Too much time has passed by.

I'm an idiot. I never should have let Natalie go.

It's crazy how fast time passes even when you're unhappy. Even if you're the most miserable man in the world. Time doesn't care if you're happy or sad. Time will just keep going without permission. And now I might be too late.

I didn't realize that I was waiting on Brad to let her go until he had that conversation with me. I didn't realize that I was waiting for him to forgive me to be free. Waiting felt right but waiting could now cost me the love of my life. A year has gone by without hearing her voice or seeing her face, her smile. I don't know how she's doing-if she's moved on. There would not be anyone else to blame but myself.

I spent the last year angry at myself and regretting my actions. I wanted to look for her many times but I couldn't bring myself to do it because I knew I still couldn't offer her what she deserves. I wasn't the man I wanted to be for her and I'm still not but now I find myself free from my brother's ties to her. Brad has freed me and it might be too late now...

But I have to try.

Before going, I know I have to speak to my mother. Our relationship has been a bit strained after everything that has happened and it's been my own fault. I distanced myself from her out of shame. Guilt consumed me in a way it never has before and it's made me make mistakes that could be irreversible.

The morning after my conversation with Brad, I track Savannah down on Facebook. It's the only social media that I have so I pray that she still uses it and sees my message asking her where I can find Natalie. I still haven't heard from her by the time I arrive to my mother's house, past four in the afternoon and it makes me a little nervous. She probably hates my guts. But I won't let this stop me. I know where I can find her parents.
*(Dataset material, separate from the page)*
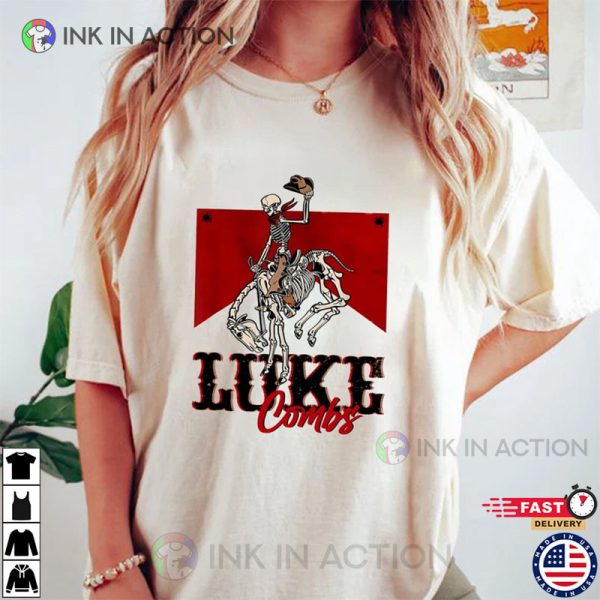 Vintage Luke Combs, Cowboy Skeleton Shirt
"Hey, Mom," I say when my mother opens the door.

"Oh, Josh!" She says with a smile. She steps out to hug me. "What a nice surprise, honey! Come on in."

I follow her into the house silently.

"How are you?" She asks. "Everything alright?"
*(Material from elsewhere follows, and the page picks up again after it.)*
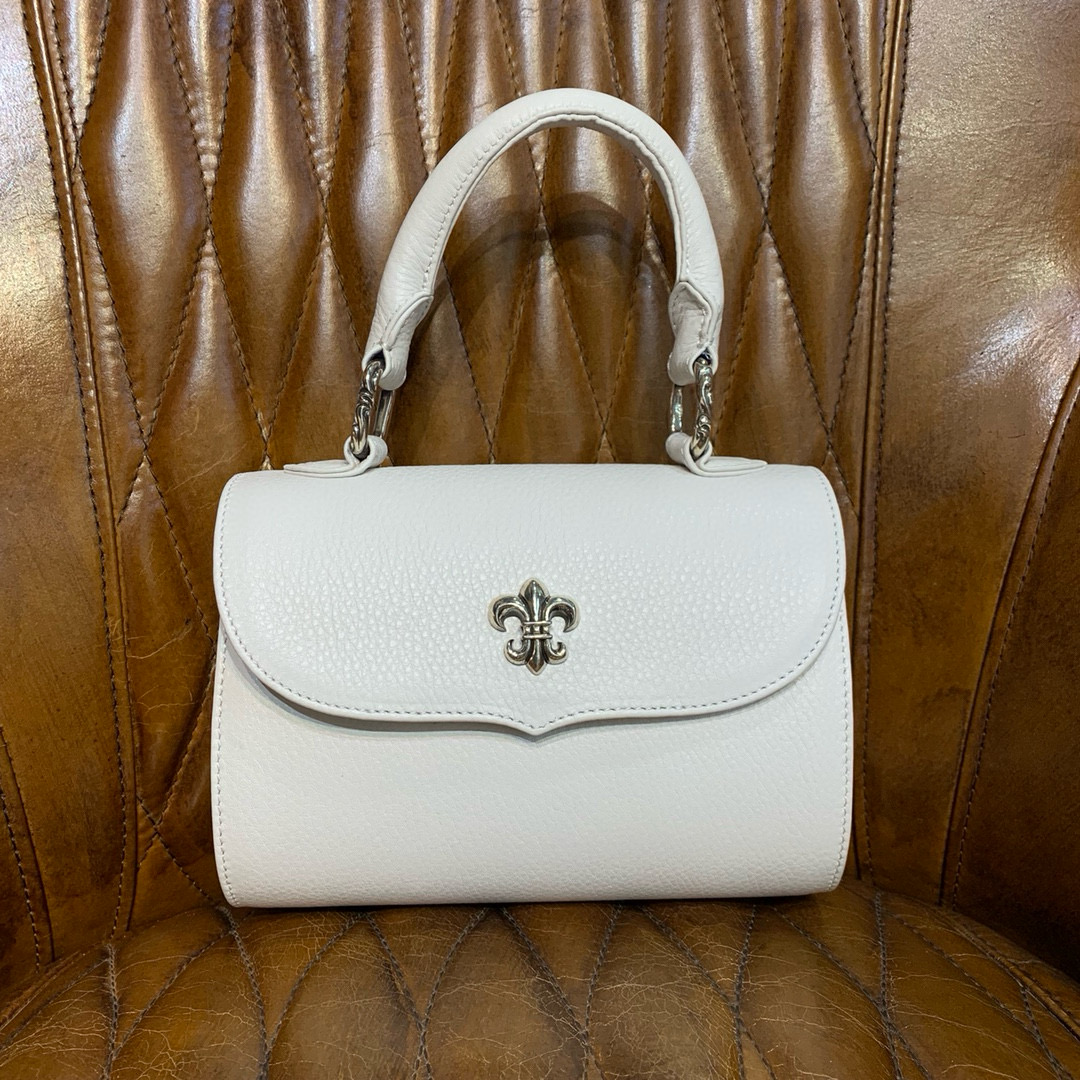 크롬하츠 Chrome Hearts CHB036 탑 핸들백 White 18cm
"Yeah," I say slowly. "I'm sorry I haven't come over or called you."

She sits down on the couch and I sit across from her. I feel fidgety. I'm anxious. Anxious to have this conversation. Anxious to see Natalie. Anxious to speak with her.

"You did have me a bit abandoned." She admits but smiles.
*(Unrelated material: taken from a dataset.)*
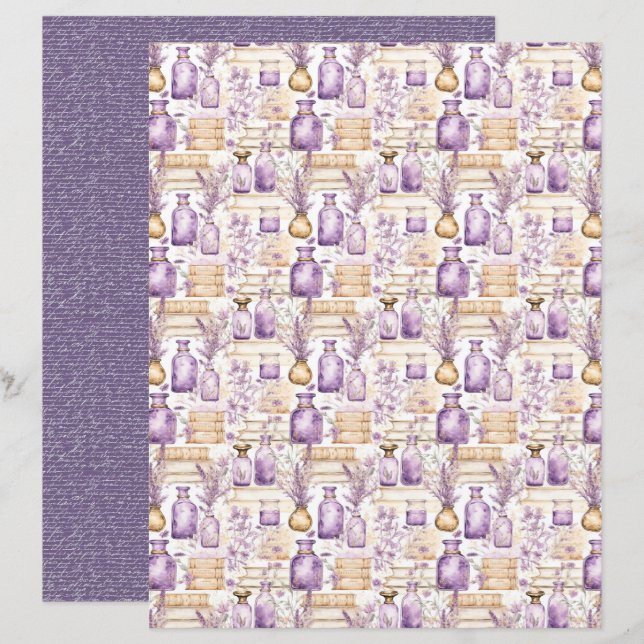 Vintage Lavender Journal Paper Sheet (Frente/Verso)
"I'm so sorry. I know I haven't been the best communicator. It just felt right to put some distance. Didn't really know what else to do."

"Oh, honey, I know." She looks down. "This hasn't been easy for anyone."

"I-" I take a deep breath. "I never apologized for causing you pain. I didn't mean to disappoint you or dad."

"I know," she says. "Of course it wasn't. I know that you wouldn't do anything to hurt any of us intentionally."

I nod but don't say anything.

Mom studies me. "You still love her, don't you?"

I look at her and shrug. "Yes, I do. I'll probably love her until I die."

She places her hand on my arm in a comforting way. "What happened between you two?" She asks softly.

I feel so bad for not having this conversation with her earlier. All this time she's probably wondered what happened or how did it even start. After I figured out that Natalie left Portland, I shut down. I didn't want to talk about her because it reminded me of my biggest regret: letting her go.